The priority this time was to work with UNICEF Honduras to develop a detailed action plan in IYCF-E that could influence the new government’s policies, support advocacy activities, and guide nutrition actors as they work to implement programs and raise funds.
The support provided included:
Challenges, recommendations and lessons learned
While the groundwork was laid and a work plan was conceived to direct activities moving forward, much still needed to be done to establish and maintain an ongoing IYCF-E strategy that was as robust as the needs. It was advised to follow up with the proposed IYCF-E plan with two key suggestions: focus on strengthening local actors’ capacity to respond to nutrition needs in emergencies through developing an educational program, and involve and support the Ministry of Health in developing the National Protocol for the Management of the Acute Malnutrition at the community level.
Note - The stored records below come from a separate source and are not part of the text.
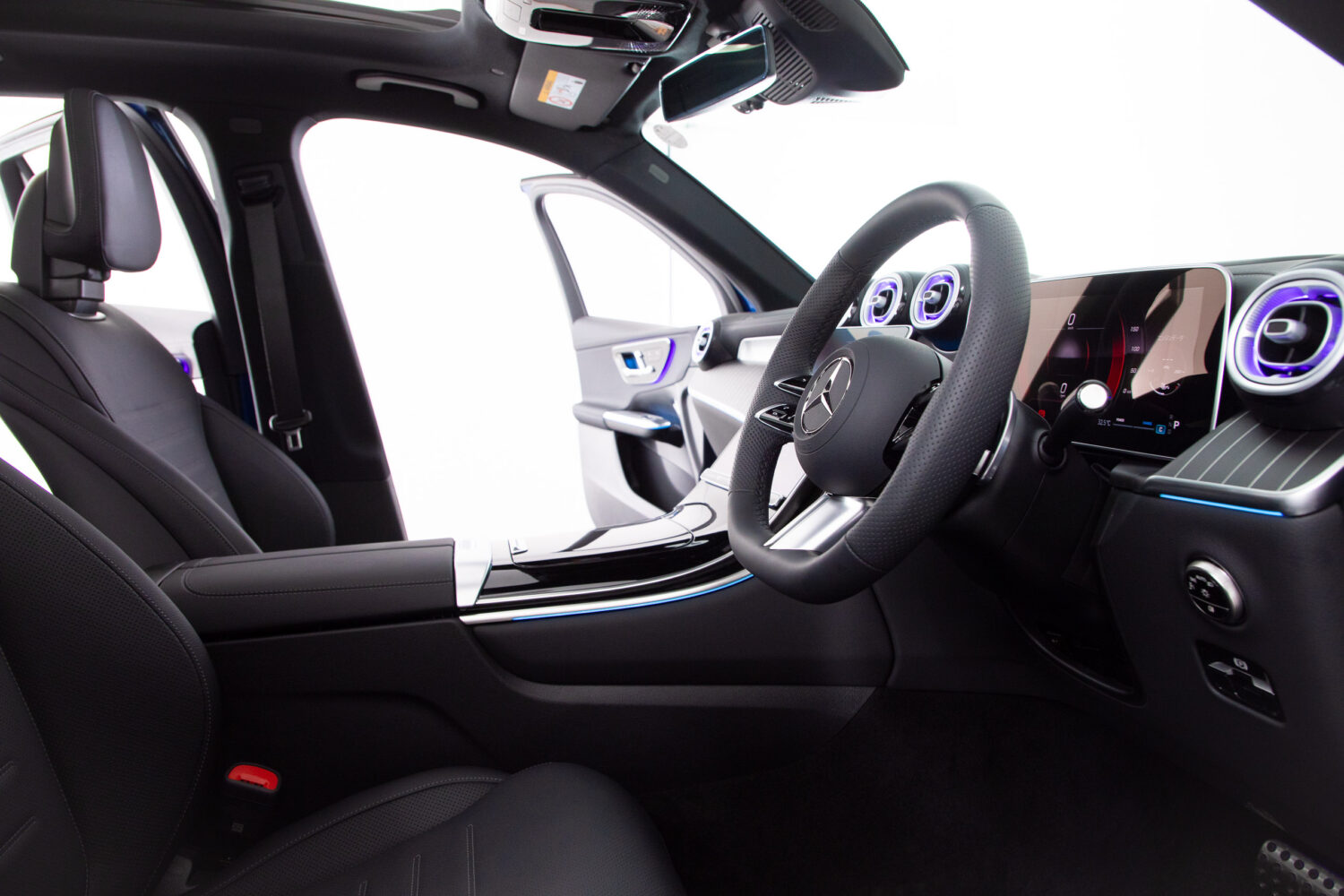 GLC220d 4マチック (ISG搭載モデル) AMGラインパッケージ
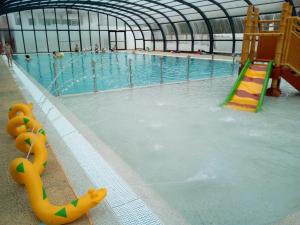 比达尔哈罗比亚露营酒店的一个带游泳池的大型游泳池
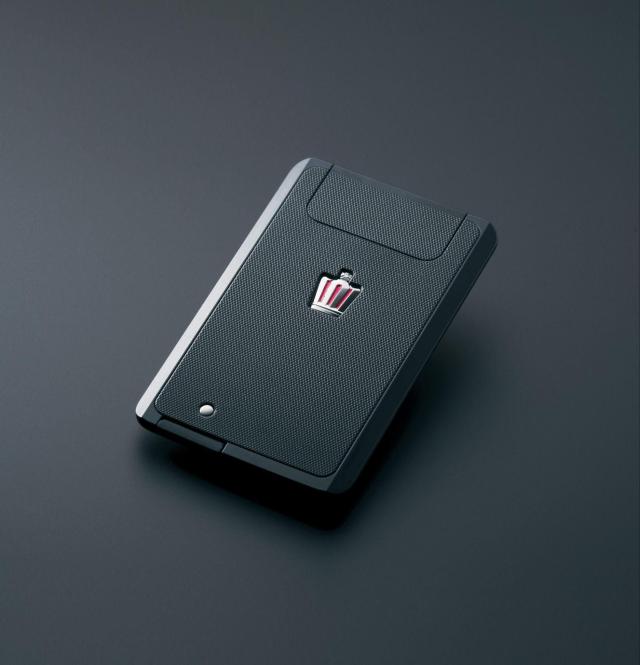 2013年に限定販売されたピンクのクラウンの気になる中古車相場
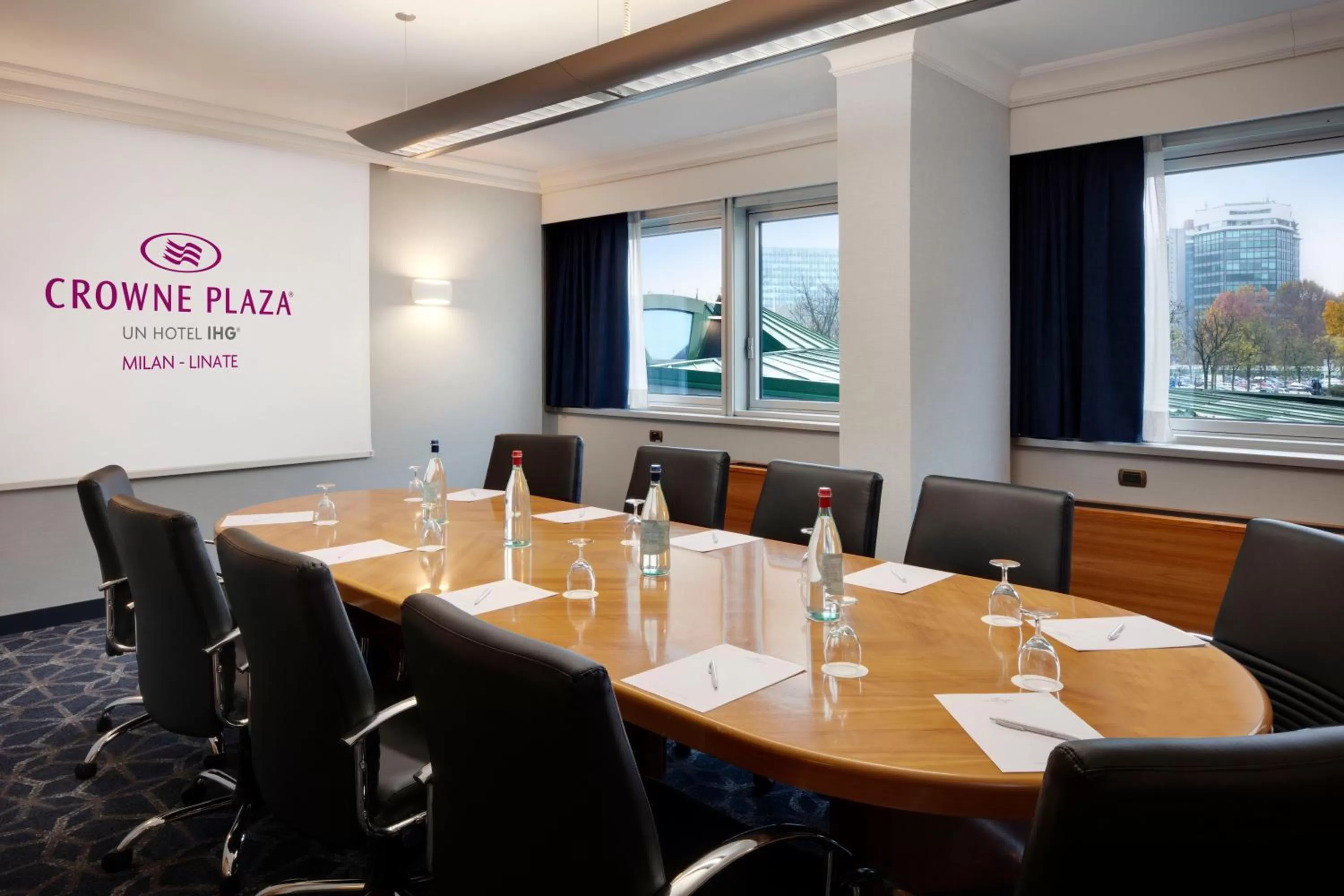 Meeting/conference room in Crowne Plaza Milan Linate by IHG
More work needs to be done to strengthen local actors’ capacity to respond – particularly in identifying the differences between nutrition-specific and nutrition-sensitive actions, in order to reduce confusion between food security and nutrition. Stronger leadership and coordination is also needed within the formed Nutrition Working Group. And in order for key actors to effectively monitor the situation, it is also crucial that sufficient nutrition data — specifically information on acute malnutrition — be collected and recorded.
Participants said they highly valued the capacity building sessions offered and we hope more support will be possible in the future, as enabling national actors to respond is the most appropriate and sustainable way to ensure nutrition needs are met well into the future.